Basis of Preparation and Principles of Consolidation 

 

The accompanying unaudited condensed consolidated financial statements have been prepared in accordance with accounting principles generally accepted in the United States of America (“U.S. GAAP”) pursuant to the rules and regulations of the Securities Exchange Commission (“SEC”). Accordingly, they do not include all of the information and footnotes required by generally accepted accounting principles for complete financial statements. In the opinion of management, all adjustments (consisting only of normal recurring accruals) considered necessary for a fair presentation have been included. Operating results for the six months ended March 31, 2025 and 2024 are not necessarily indicative of the results that may be expected for the full year.
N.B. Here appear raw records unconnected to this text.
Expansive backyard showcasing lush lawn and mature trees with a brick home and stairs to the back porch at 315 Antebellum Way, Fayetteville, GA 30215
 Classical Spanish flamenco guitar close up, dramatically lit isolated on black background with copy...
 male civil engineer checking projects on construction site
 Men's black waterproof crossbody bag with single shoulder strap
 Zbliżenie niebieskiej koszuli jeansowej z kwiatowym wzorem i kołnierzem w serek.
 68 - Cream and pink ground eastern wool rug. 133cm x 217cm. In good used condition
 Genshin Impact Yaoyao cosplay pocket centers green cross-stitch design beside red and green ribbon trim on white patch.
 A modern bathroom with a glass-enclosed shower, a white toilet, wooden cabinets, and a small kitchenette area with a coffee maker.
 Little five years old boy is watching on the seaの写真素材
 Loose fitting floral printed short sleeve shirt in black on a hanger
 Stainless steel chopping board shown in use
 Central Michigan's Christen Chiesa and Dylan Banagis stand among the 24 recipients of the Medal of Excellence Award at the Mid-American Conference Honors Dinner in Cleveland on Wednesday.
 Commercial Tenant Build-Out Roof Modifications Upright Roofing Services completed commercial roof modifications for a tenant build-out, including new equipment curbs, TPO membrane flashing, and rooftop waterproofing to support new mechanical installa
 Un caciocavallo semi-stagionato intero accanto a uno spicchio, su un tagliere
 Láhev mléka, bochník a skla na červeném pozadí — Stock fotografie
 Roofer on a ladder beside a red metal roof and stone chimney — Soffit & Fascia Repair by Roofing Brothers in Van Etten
The information included in this interim report should be read in conjunction with the financial statements and notes thereto included in Golden Sun’s annual financial statements for the fiscal year ended September 30, 2024 filed with the SEC on February 14, 2025.

 

The unaudited condensed consolidated financial statements include the financial statements of the Company and its subsidiaries. All intercompany transactions and balances are eliminated upon consolidation.

 

Non-controlling interests

 

Non-controlling interest represents the portion of the net assets of subsidiaries attributable to interests that are not owned or controlled by the Company. The non-controlling interest is presented in the unaudited condensed consolidated balance sheets, separately from equity attributable to the shareholders of the Company. Non-controlling interest’s operating results are presented on the face of the unaudited condensed consolidated statements of operations and comprehensive loss as an allocation of the total income for the year between non-controlling shareholders and the shareholders of the Company. As of March 31, 2025 and September 30, 2024, non-controlling interests represented non-controlling shareholders’ proportionate share of the equity interests in Hongkou Tutorial, Xianjin Technology, Fuyouyuan, Shanghai Jinheyu and Fuyang.

 

Segment reporting

 

ASC 280, Segment Reporting, (“ASC 280”), establishes standards for companies to report in their financial statement information about operating segments, products, services, geographic areas, and major customers.

 

Based on the criteria established by ASC 280, the Company’s chief operating decision makers (“CODM”) have been identified as the Company’s executive officers, who review consolidated results when making decisions about allocating resources and assessing performance of the Company. The Company currently operates in two reportable operating segments: (i) education, and (ii) e-commerce. As the Company’s long-lived assets are substantially located in China, no geographical segments are presented.

 

Emerging Growth Company Status

 

The Company is an “emerging growth company,” as defined in Section2(a) of the Securities Act, as modified by the Jumpstart Our Business Startups Act of 2012, (the “JOBS Act”), and it may take advantage of certain exemptions from various reporting requirements that are applicable to other public companies that are not emerging growth companies including, but not limited to, not being required to comply with the auditor attestation requirements of Section 404 of the Sarbanes-Oxley Act, reduced disclosure obligations regarding executive compensation in its periodic reports and proxy statements, and exemptions from the requirements of holding a nonbinding advisory vote on executive compensation and stockholder approval of any golden parachute payments not previously approved.

 

Further, Section102(b)(1) of the JOBS Act exempts emerging growth companies from being required to comply with new or revised financial accounting standards until private companies (that is, those that have not had a Securities Act registration statement declared effective or do not have a class of securities registered under the Exchange Act) are required to comply with the new or revised financial accounting standards. The JOBS Act provides that a company can elect to opt out of the extended transition period and comply with the requirements that apply to non-emerging growth companies but any such election to opt out is irrevocable. The Company has elected not to opt out of such extended transition period which means that when a standard is issued or revised and it has different application dates for public or private companies, the Company, as an emerging growth company, can adopt the new or revised standard at the time private companies adopt the new or revised standard. This may make comparison of the Company’s financial statement with another public company which is neither an emerging growth company nor an emerging growth company which has opted out of using the extended transition period difficult or impossible because of the potential differences in accounting standards used.